Entelektüel olmak deyince sanırım en çok Edward Said’in bahsettiği amatörlük kavramını seviyorum. Heyecanla yeni şeyler keşfetmek ve bunları amatör bir ruhla paylaşmak.
Sadece kendi alanında değil, seni heyecanlandıran başka alanlar üzerine de düşünme cesaretini göstermek, farklı kavramları çarpıştırmak, birleştirmek ve daima üretmek. Peki, nasıl?
Entelektüellik, biraz “kurnazca” nerede, ne zaman, kime çomak sokacağını bilmekle de ilgili gibi geliyor bana.
Muktedirin gerçek yüzünü göstermekle ilgili. Her koşulda adaleti savunmakla, bunu da slogan atılacaksa bile zekice yapmakla ilgili.
Mesele entelektüel bir kadın olmaya gelince…
Alanı sınırlayalım; Türkiye’de bir kadının yazar olmasından söz edelim mesela. Karşımıza ataerkil erkek zihniyetinin hayatı zorlaştırması çıkıyor. Bu kimi zaman bir baba, kimi zaman koca, kimi zaman başka bir yazar veya editör, bazen de herhangi bir muktedir oluyor.
Kadınların literatürde, tarih sahnesinde neden daha az göründüğünü mutlaka siz de düşünmüşsünüzdür. Modern hayata bakınca ne görüyorsunuz? Ben şunu görüyorum: her şeye yetişmeye çalışan kadınlar ve sadece işine odaklanmış bir erkek. Buradaki kilit kelime “odaklanma.”
Kadınlar nadiren tek bir şeye odaklanabiliyorlar çünkü gündelik hayat onları çocuklar, aile, eş hatta iş arasında bölünmeye itiyor. Biliyorsunuz; odaklanamazsanız hiçbir alanda ama özellikle entelektüel alanda başarı yakalamanız mümkün değil.

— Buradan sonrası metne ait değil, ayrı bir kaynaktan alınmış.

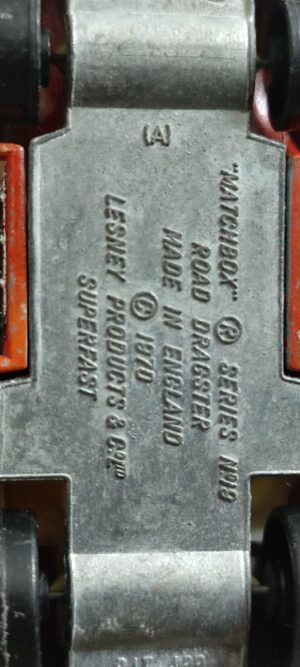 Matchbox Lesney Superfast - Road Dragster. - Image 2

Virginia Woolf, artık modern bir klasik olmuş “Kendine Ait Bir Oda” isimli metninde şöyle der: “…eğer kurmaca bir metin yazmak istiyorsa, bir kadının parası ve kendine ait bir odası olmalıydı.”
Woolf haklıydı.
Paramız ve bir odamız olmalı. Ne anlamlı bir imgeye dönüştü bu oda, değil mi? Bir yazarın en çok ihtiyaç duyduğu şeydir yalnızlık ve sessizlik. Odaklanmış bir zihinle, kendine ait, kimsenin onu rahatsız etmediği bir zaman diliminde derinleşmek, düşünmek ve üretmek.
Evli veya sevgilisi olan erkekler genelde bu konfora ulaşabiliyor. Kadınlar erkeklere bu alanı yaratıyor. Peki, mesele bir kadın entelektüelin hayatı olunca neden olaylar böyle gelişmiyor?

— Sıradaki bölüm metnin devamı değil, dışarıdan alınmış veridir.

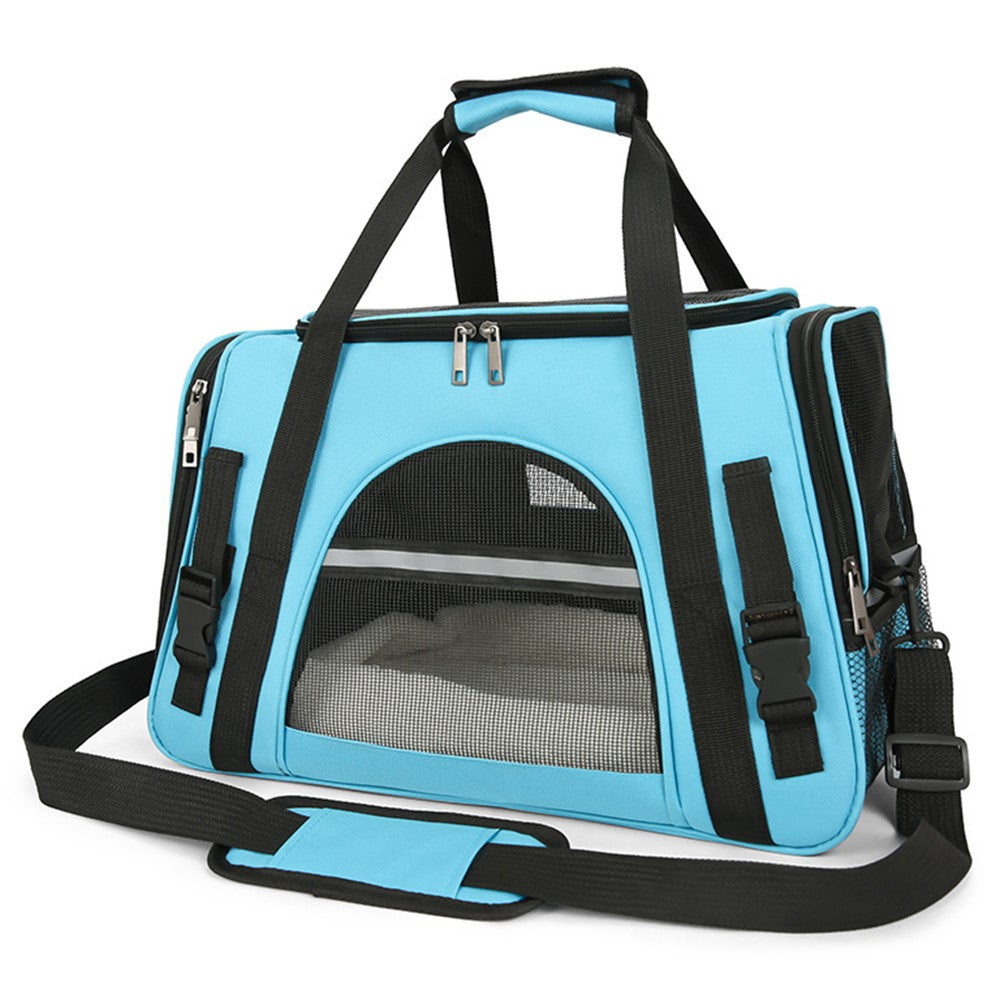Portable Pet Carrier Shoulder Bag, Breathable – image 12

Kadınların sokakta rahat yürüyememesinden tutun da, üretecek zaman ve mekan bulup kendi kendine kalamamasına kadar…
Kadın olmanın zorluklarına neden olan her şey elbette kendini aşmaya, varlık-yokluk kavgasının dışına çıkıp entelektüel bir direnç göstermeye çalışan kadınlar için de geçerli. Hatta entelektüel kadınlar, birçok şeyle aynı anda mücadele ediyor. Kendileri buna dahil çünkü gündelik hayatın hayhuyu içinde ruh sağlıklarını da dengede tutmak zorundalar.
Sadece kendilerini değil, varsa çocuklarını, bazen yaşını almış annelerini ve babalarını hatta eşlerini bile kontrol etmek, yönetmek zorunda kalıyorlar.
Kendilerine yüklenen ev işleri ise asla geçiştirilecek bir konu değil. Tüm bunlardan sonra geriye kalan halleriyle okumaya, yazmaya, kendi seçtikleri alanda yaratmaya çalışıyor entelektüel kadınlar. Gayeleri yaşadıkları yerde, var oldukları toplumları olumlu anlamda dönüştürmek, “iyileştirmek” çünkü sanat ve edebiyat her zaman iyileştirir.
O yüzden entelektüel bir kadın gördüğünüzde, hikâyesini mutlaka öğrenin; binbir zorlukla aşılan yollardan geldiğini göreceksiniz.
Şunu unutmayın; bugün üzerinde yaşadığımız medeniyet öyle ya da böyle biraz da kadınların yaptığı “görünmez” işlerle bugünlere geldi.
Yaşadığımız bu hayatın arızaları da kadınların dokunuşu olmadan çözülemez.
Kadınların, özellikle de entelektüel kadınların hayatının daha kolay olacağı bir dünya özlemiyle…
Haydi erkekler, o çok sevdiğiniz, akıllı kadına bir kahve yapın ve bir süreliğine susup onu kendi odasında yalnız bırakın.